All records below are to be transcribed exactly, with every picture left out.

Input material START

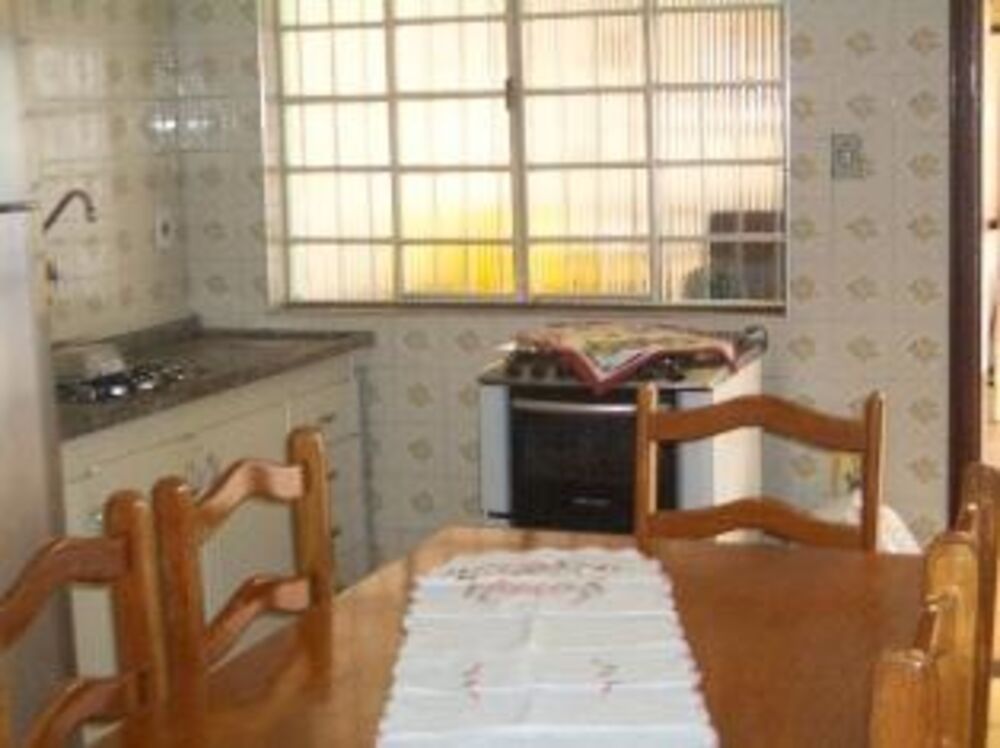 Casa à venda com 2 quartos, 115m² - Foto 3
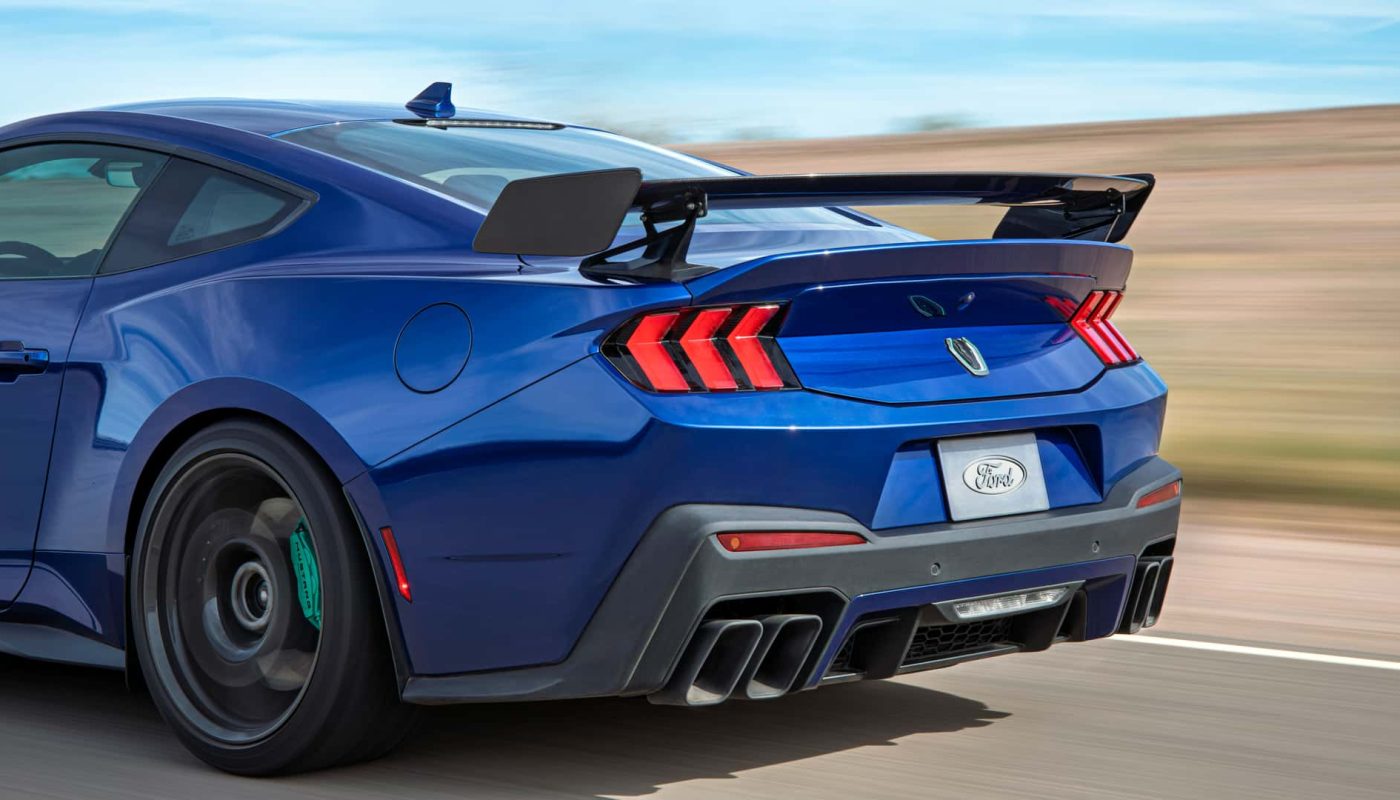 Ford 2026-ford-mustang-dark-horse-sc-rear-end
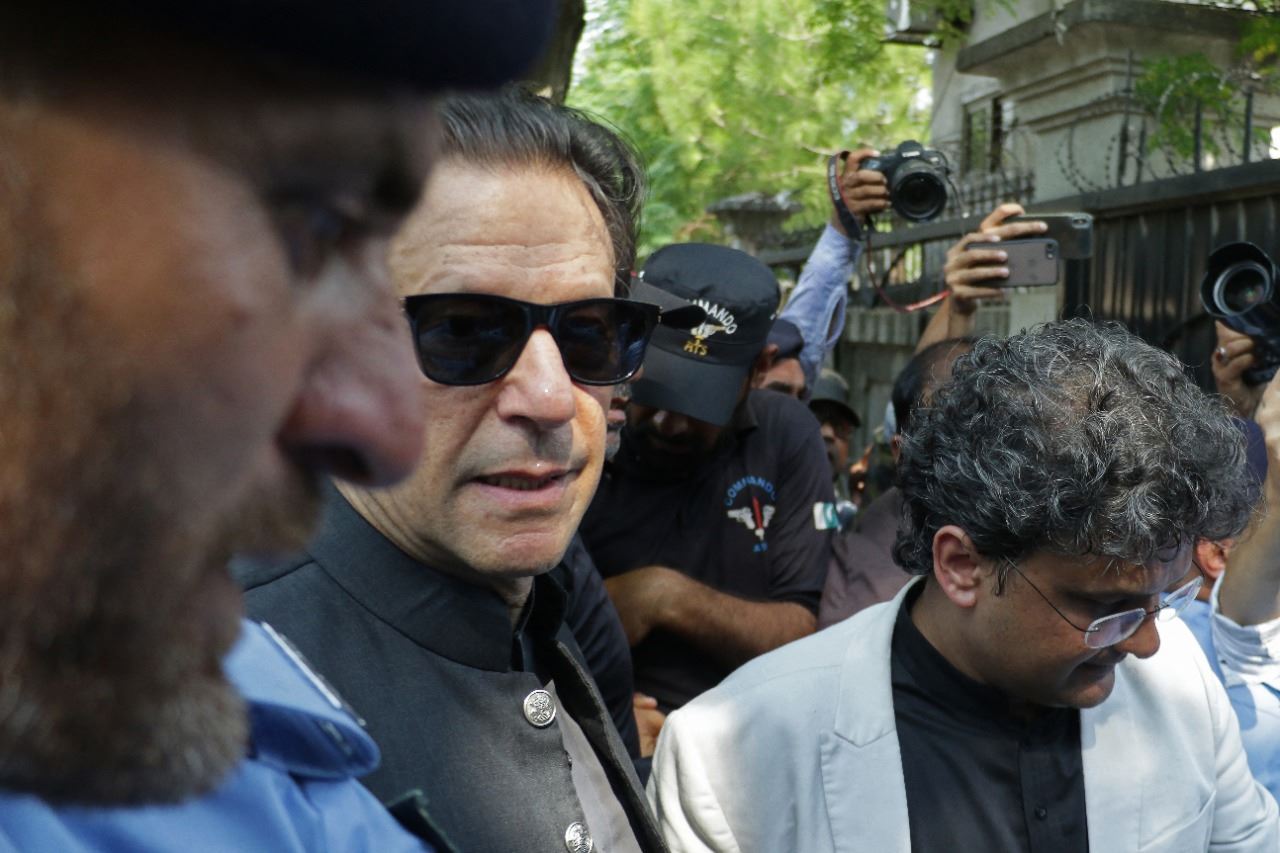 باكستان: القضاء يعتزم محاكمة رئيس الوزراء السابق عمران خان بتهمة إهانة قاضية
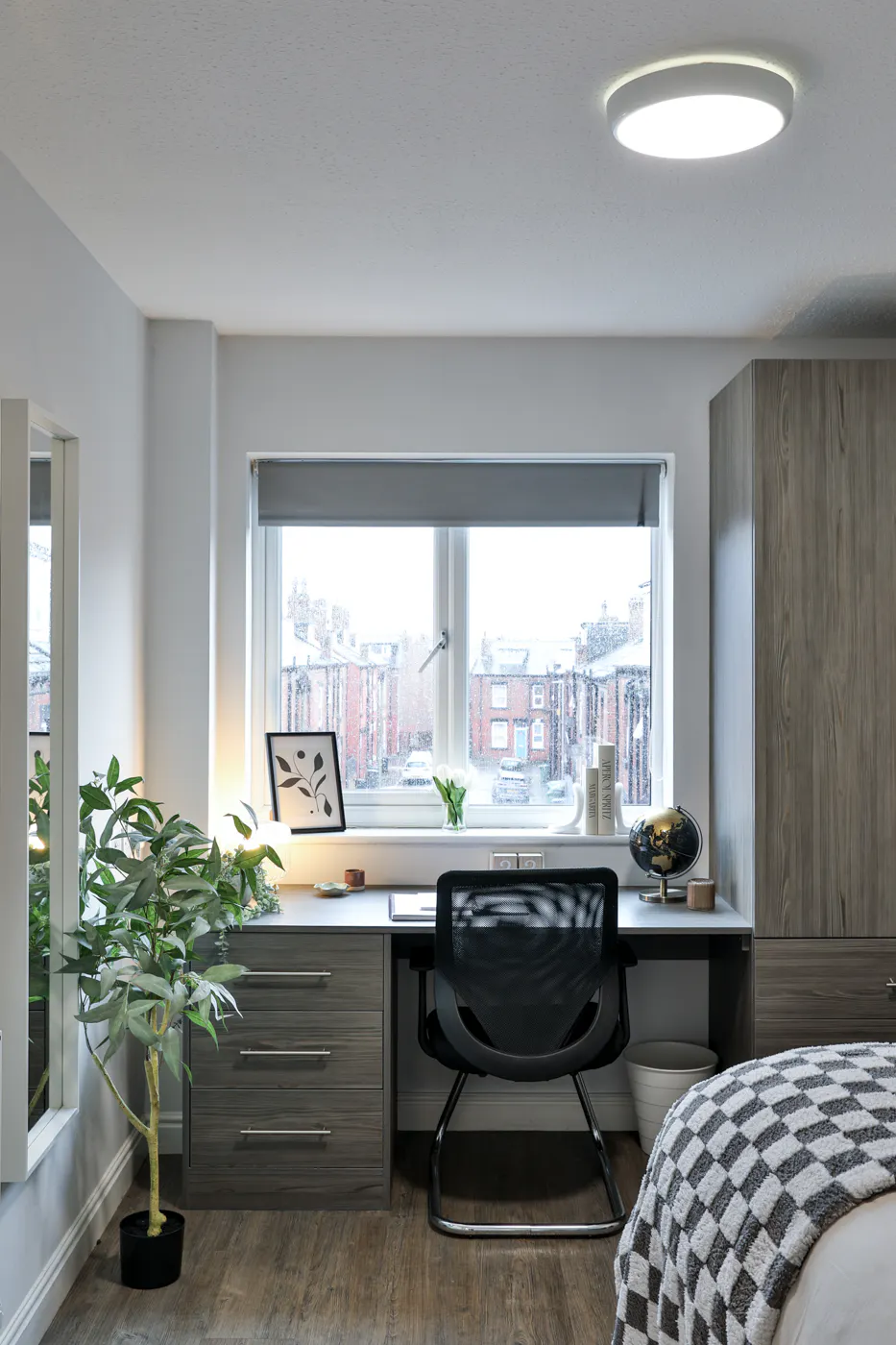 5 Bed Flat
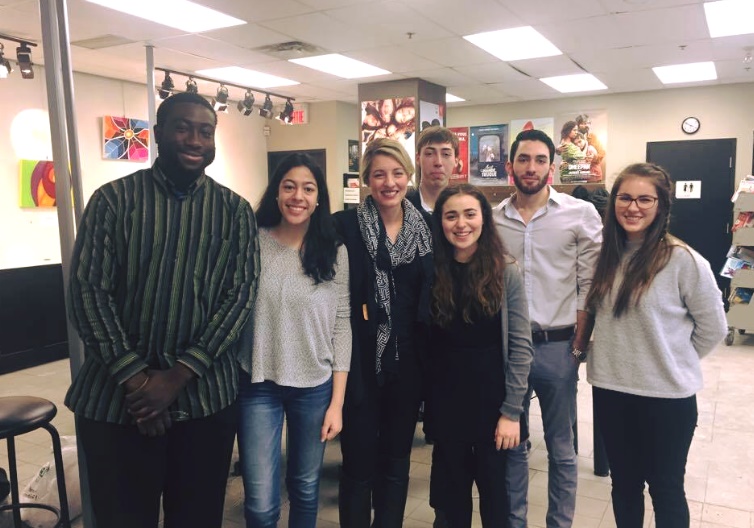 Voici le conseil jeunesse de la circonscription Ahuntsic-Cartierville en compagnie de la députée et ministre Mélanie Joly. De g. à dr.: Caleb Owusu-Acheaw, Amina Hammache, M. Joly, Tristan Santoire-Joset, Eve Lachapelle, Leonardo Torosian, et Anne St-Jean.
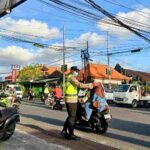 Polsek Kuta Utara Hadir Atur Lalin Sore Urai Kepadatan Di Jam Pulang Kerja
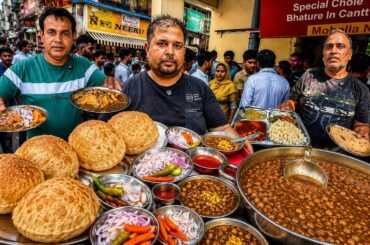 Only 20/- Rs | No.1 Indian Street Food In Punjab | Chole Bhature, Samosa & Punjabi Thali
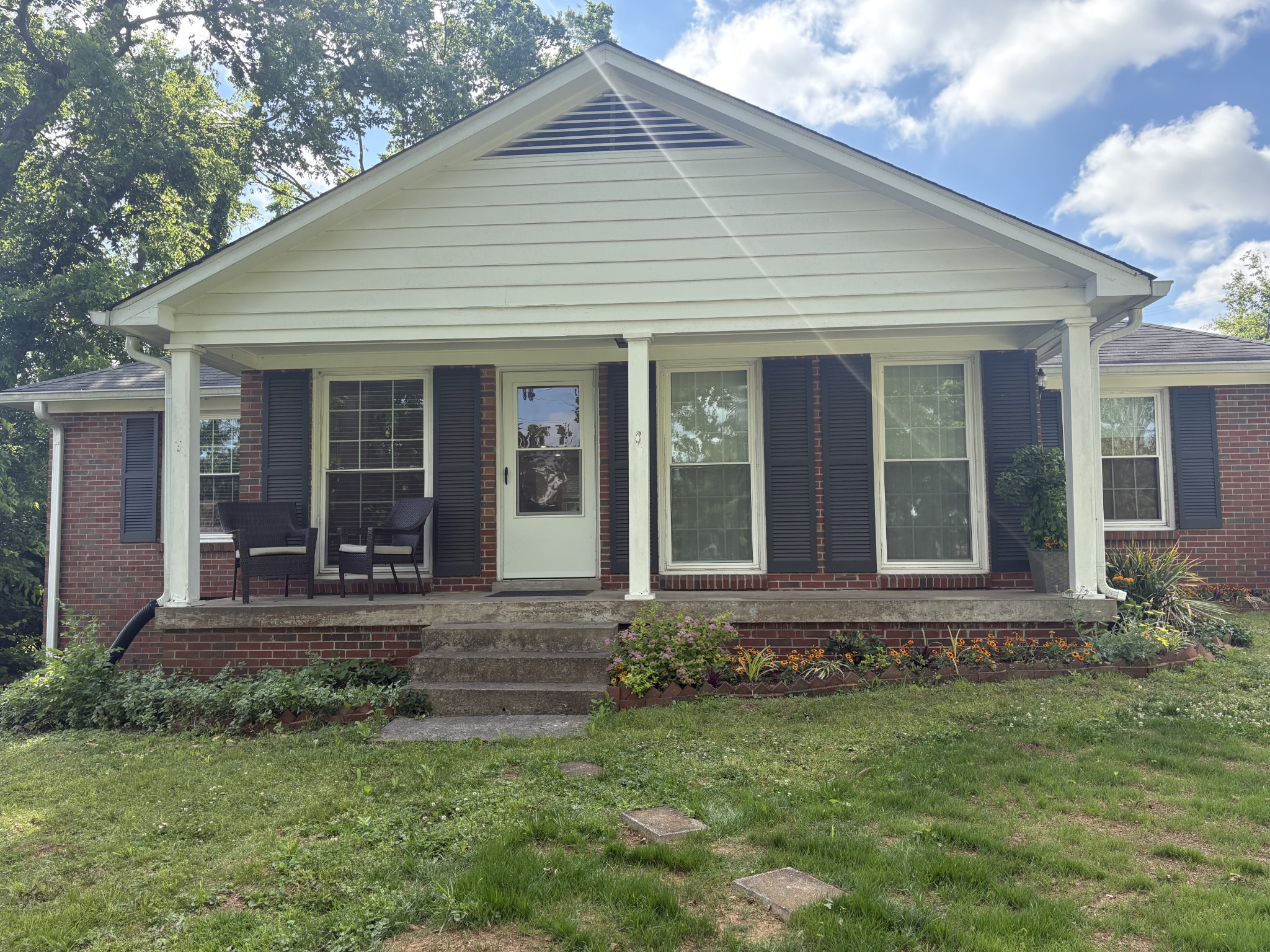 51 Brookwood Ter Unit: A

Input material END

Result below.
 Casa à venda com 2 quartos, 115m² - Foto 3
 Ford 2026-ford-mustang-dark-horse-sc-rear-end
 باكستان: القضاء يعتزم محاكمة رئيس الوزراء السابق عمران خان بتهمة إهانة قاضية
 5 Bed Flat
 Voici le conseil jeunesse de la circonscription Ahuntsic-Cartierville en compagnie de la députée et ministre Mélanie Joly. De g. à dr.: Caleb Owusu-Acheaw, Amina Hammache, M. Joly, Tristan Santoire-Joset, Eve Lachapelle, Leonardo Torosian, et Anne St-Jean.
 Polsek Kuta Utara Hadir Atur Lalin Sore Urai Kepadatan Di Jam Pulang Kerja
 Only 20/- Rs | No.1 Indian Street Food In Punjab | Chole Bhature, Samosa & Punjabi Thali
 51 Brookwood Ter Unit: A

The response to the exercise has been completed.